"A Rússia continua a ser um país perigoso, apesar da sua incompetência", afirmou o chefe do Serviço de Informações Externas da Estónia.
O Serviço de Informações Externas da Estónia publicou o seu relatório anual, que conclui que a Rússia não tenciona lançar um ataque militar contra a Estónia ou qualquer outro Estado membro da NATO num futuro próximo.
Ao mesmo tempo, a agência sublinha que a Rússia está a aumentar a dimensão das suas forças armadas e a restaurar os stocks estratégicos de munições de artilharia. Além disso, estão a ser formadas unidades de veículos aéreos não tripulados, segundo o princípio de um exército de massas.
O relatório refere ainda que o controlo da Ucrânia é uma obsessão para o presidente russo Vladimir Putin, uma vez que, na sua opinião, tal permitiria restaurar a posição da Rússia como uma grande potência com o direito de tomar decisões sobre a segurança europeia e que as conversações de paz são apenas uma medida para vencer a guerra.

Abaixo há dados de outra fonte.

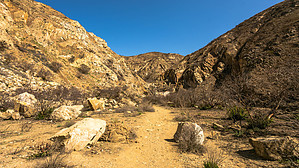 feature photo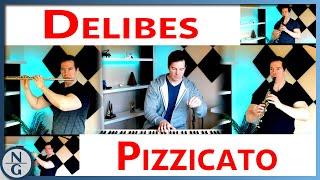 Léo Delibes: Pizzicato - Sylvia Ballet | Classical arrangement by Nathan Glenn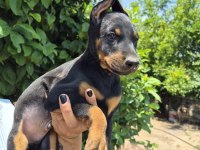 King doberman köpeği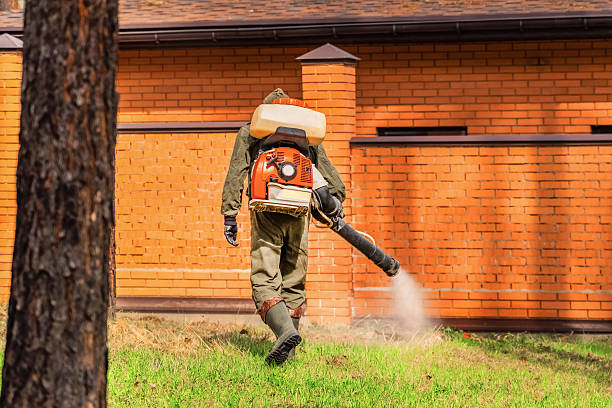 Trusted Termite Control service in Greens Farms, CT - Nex Pest Control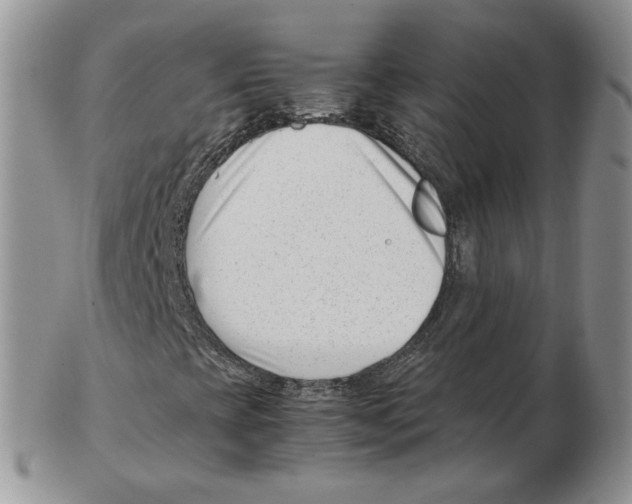 X0000102761393200809151003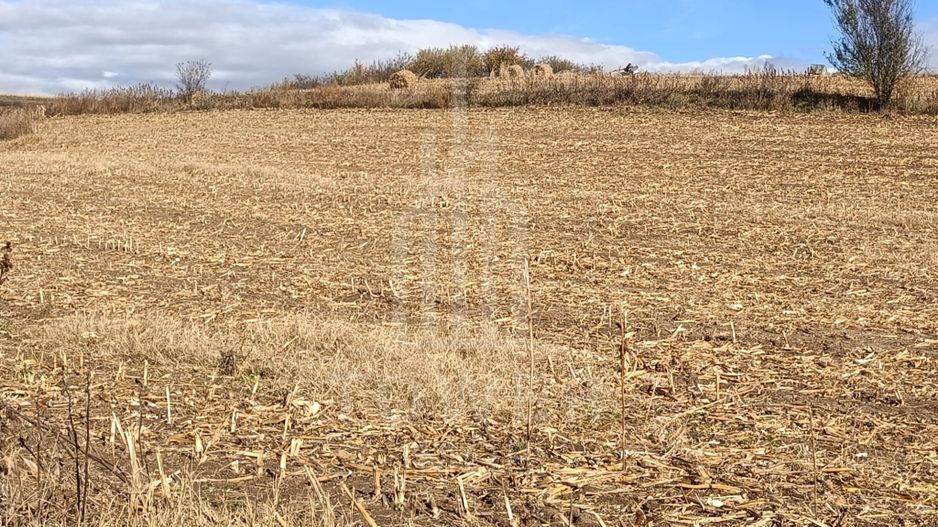 Teren extravilan in Sura Mare - Poză 2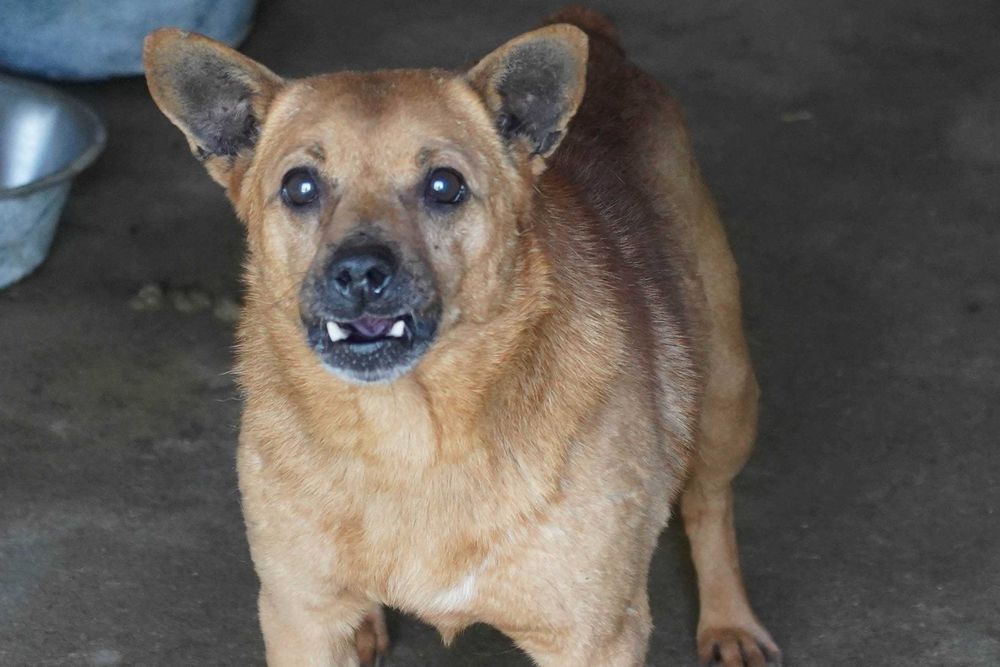 Grot - niewielki, biedny piesek szuka domu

"A Rússia continua a ser um país perigoso, apesar da sua incompetência, sendo necessária vigilância para impedir a expansão do 'mundo russo'", afirmou Kaupo Rozin, diretor-geral do Serviço de Informações Externas da Estónia, no prefácio do relatório. Segundo o mesmo responsável, não há razão para entrar em pânico.
O relatório publicado indica que o complexo militar-industrial russo aumentou a produção de munições de artilharia mais de 17 vezes desde 2021. Dado o aumento da produção e as importações significativas, é provável que a Rússia consiga reabastecer algumas das suas reservas estratégicas de munições de artilharia, apesar da guerra em curso com a Ucrânia. Para o Kremlin, a manutenção de tais reservas é, sem dúvida, um elemento importante no planeamento de potenciais conflitos futuros. Segundo estimativas estónias, o complexo militar-industrial russo está a expandir-se, comprimindo os setores tradicionais da economia.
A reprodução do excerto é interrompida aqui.